Updated: Feb 19
Another day, another interview with Pope Francis. This one, in the Italian Catholic newspaper Avvenire, focused on ecumenism, and the pope took the opportunity to defend his bridge-building efforts with other Christian churches.
He also delivered a rebuke to those who have recently critiqued his document, Amoris Laetizia, for its opening on the question of Communion for divorced and remarried Catholics. Critics, he said, don’t really understand the church’s role in the world.
“The church exists only as an instrument for communicating to people the merciful design of God,” he said. That was clearly enunciated by the Second Vatican Council in its document on the nature of the church, he said.
“This moves the axis of Christian understanding away from a certain legalism, which can be ideological, to the person of God who made himself merciful in the incarnation of the Son,” he said.
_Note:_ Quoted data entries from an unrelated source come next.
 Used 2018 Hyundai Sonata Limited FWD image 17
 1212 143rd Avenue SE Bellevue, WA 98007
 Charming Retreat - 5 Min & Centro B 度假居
“Some – consider certain replies to Amoris Laetitia – continue to not understand, (to see) either white or black, even though it is in the flow of life that one must discern,” the pope said. He added that this teaching of Vatican II will probably take a century to be “well absorbed” by the body of the church.
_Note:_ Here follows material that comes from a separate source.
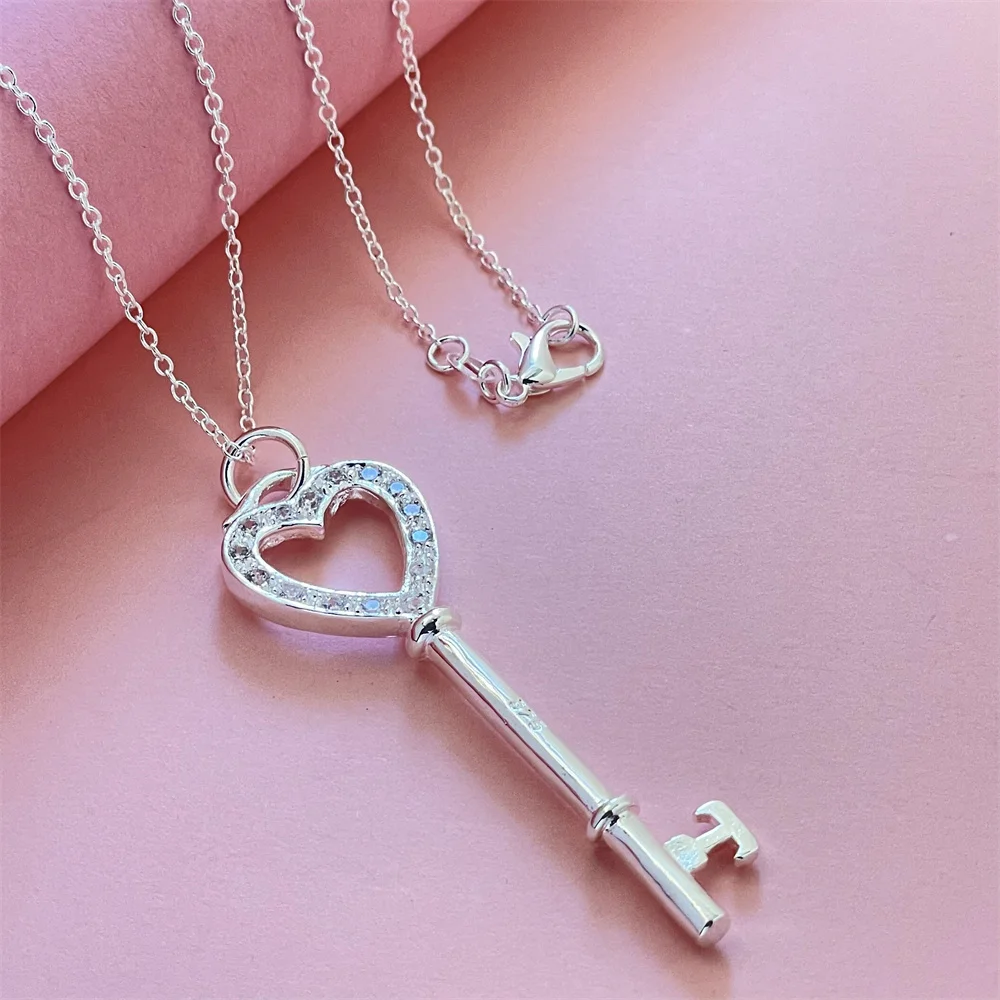 925 Silver Necklace With Heart-Shaped Key Inlaid With Zircon Pendant, Suitable For Men And Women To Wear Daily
925 Silver Necklace With Heart-Shaped Key Inlaid With Zircon Pendant, Suitable For Men And Women To Wear Daily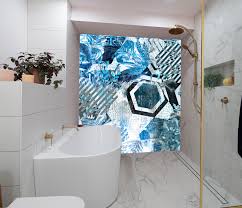 It adds useful storage space and fills up an empty wall at the same time. 6 Decor Ideas For Your Bathroom Without Removing Tiles Ruvitex Bathroom Wall Decor Ruvitex 3d Decors Ruvimat Ruvitex Armofol Ruviflex Rdc Regional Distribution Company Eood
“We’re at the halfway point,” he said.
The pope’s reproach of those who want a “white or black” judgment of pastoral situations plainly referred to a small group of cardinals who this week published a letter to the pontiff, challenging him to clarify supposed “doubts” about Amoris Laetitia, the pope’s post-synodal document published in April. The cardinals have questioned whether some sections of the document could be read as contradicting traditional church teaching on marriage.
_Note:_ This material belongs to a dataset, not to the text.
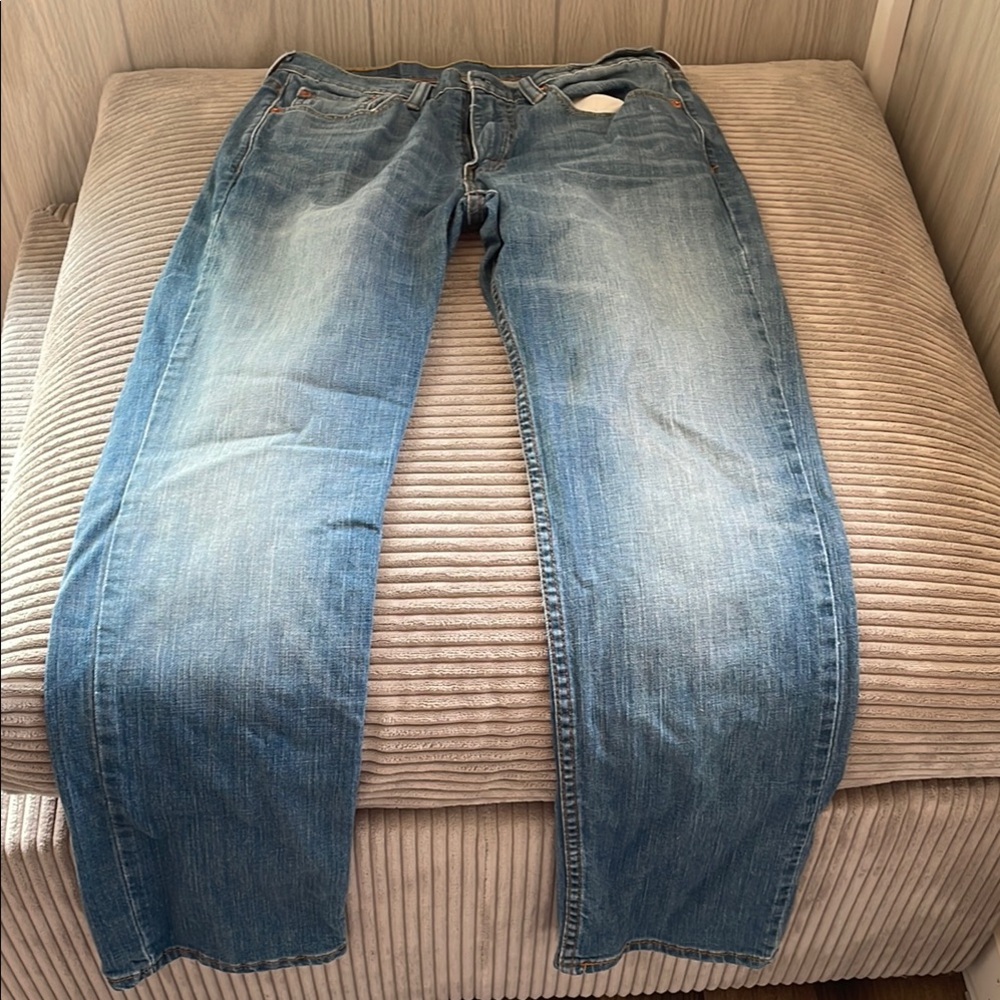 Levi Strauss & Co 29x30 Bootcut jeans only worn once no stains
In the interview, Francis said seeking Christian unity was a perennial task of any pope, and he described it as primarily a work of encounter and prayer, not negotiation. He said his recent meetings did not represent an “acceleration” of this process. It’s simply a matter of following the path of the Second Vatican Council, and the impetus comes from “the path, not me,” he said.
At one point the interviewer noted that some conservative critics have accused the pope of “selling out doctrine” in order to promote ecumenical relations, and in effect “Protestantizing” the Catholic Church.
“I’m not losing any sleep over that,” the pope replied. He added that the value of criticism depended on “the spirit behind it.” Authentic criticism can help the church, but sometimes it’s obvious that the criticisms “are not honest, and are made with a bad spirit in order to foment divisions, he said.”
The pope said he was convinced that certain “rigorous” positions among critics are born from “a shortcoming, a desire to hide one’s own sad disappointment behind a type of armor.”
On the issue of proselytism, there was this exchange:
Pope Francis: “The church never grows through proselytism but by attraction, as Benedict XVI wrote. Therefore proselytism between Christians is in itself a grave sin.”
Pope Francis: “Because it contradicts the very dynamic of how one becomes and remains a Christian. The church is not a soccer team in search of fans.”